澶渊之盟后,辽与北宋在皇帝、皇后、皇太后生辰之际都会互相致礼问候。《契丹使朝聘》图中的契丹使臣是为贺承天节而来,承天节指宋真宗的生日。画面中,北宋朝臣皆戴幞头,宽衣大袖,站在恢宏的宫殿前,有些官员手中还持有笏板。在他们后方,也就是画面的左下角,有三名髡发、着窄袖袍的契丹人,应该就是来朝见宋真宗的契丹使臣。殿前左右两侧各有一列戴幞头、着窄袍、手持金骨朵的宫廷仪卫。前庭中间摆放着十担礼物,有织物、酒类、器具等。按图左的文字说明可知,礼物包括细锦、缂丝、貂裘、青白盐、弓矢、镔铁刀、马鞍等。宫殿的台阶之上,楹柱之中有一个开间被帘幕遮挡,左右两侧皆有大臣手持笏板,面向帘幕躬身侍立,帘幕后面应是宋真宗。画面建筑结构严谨,人物比例准确,以写实的风格再现了北宋宫廷的布置和朝见的场景,让人有身临其境之感。
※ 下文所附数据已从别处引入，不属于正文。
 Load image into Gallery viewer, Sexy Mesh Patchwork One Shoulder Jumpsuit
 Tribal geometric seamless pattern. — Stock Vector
不过,《契丹使朝聘》也有一些细节与历史有所出入。例如,按照北宋礼仪制度,日常朝见时,殿上并不会垂帘。所以,画中帘幕的出现也许是为了避免画出皇帝的容貌。而且,画面虽然强调了辽朝礼物的丰厚,却把使臣安排在了左下角一个不起眼的角落。据学者考证,《景德四图》原本应该是宋仁宗命画院绘制的《三朝训鉴图》的一部分,目的是“图画三朝盛德之事”。故而,这幅《契丹使朝聘》除了记事的需要,还有彰显北宋“万方来仪”的“天朝上国”地位的功能,画中对契丹使臣的边缘化处理应该与此有关。
《北寨宴射》(局部)
《北寨宴射》主要着力夸耀宋朝的武备力量。景德元年冬,宋真宗多次在澶州北寨设宴犒劳将士。画中描绘的场景为宋真宗亲自参与军事演习,箭无虚发,引得群臣举杯称贺。驾前排阵使李继隆和石保吉也相继习射,同样命中,被赏赐了袭衣、金带、鞍勒马等。画作集中表现了在澶州行宫西亭设宴的场景,文官着幞头宽袍,武官着全副盔甲,旌旗招展,军队排列整齐有序。有两名武将身挎弓矢,立于亭前作禀事状,还有四人抬着酒食向亭中走去,气氛热烈。图画与旁边的文字记载共同渲染出宋真宗御驾亲征之时,君臣齐心,同力克敌的决心与周全的准备。此图与《契丹使朝聘》相呼应,前者绘战前,后者绘战后,揭示了个中利益冲突与权衡决策的过程,堪称宋辽关系的缩影。
《舆驾观汴涨》(局部)
《舆驾观汴涨》描绘的是北宋当时的水利治理情况。景德三年(1006年)六月,汴河暴涨,冲坏部分河堤,宋真宗摆驾巡视。他在汴河边赏赐了修筑河堤的军士,安排行人坐官船渡河,并着人安葬溺水者。画中,宋真宗于河边建筑中亲自指挥,军士们有的背负沙袋,有的肩担土石,有的夯土筑堤,修堤的紧张氛围跃然纸上。
《太清观书》(局部)
《太清观书》则展示了北宋文化事业的发展。画中的太清楼是藏书之所,景德四年三月(1007年),宋真宗与群臣造访太清楼,共同观览太宗御书与新写四部群书,之后又临阁眺望,置酒赋诗。这可以说是宋真宗时期的一大文化盛事。画中,群臣在太清楼一楼览读书籍,神态专注。太清楼建筑透视亦画得十分细致准确,现代人几乎可以按图进行古建复原。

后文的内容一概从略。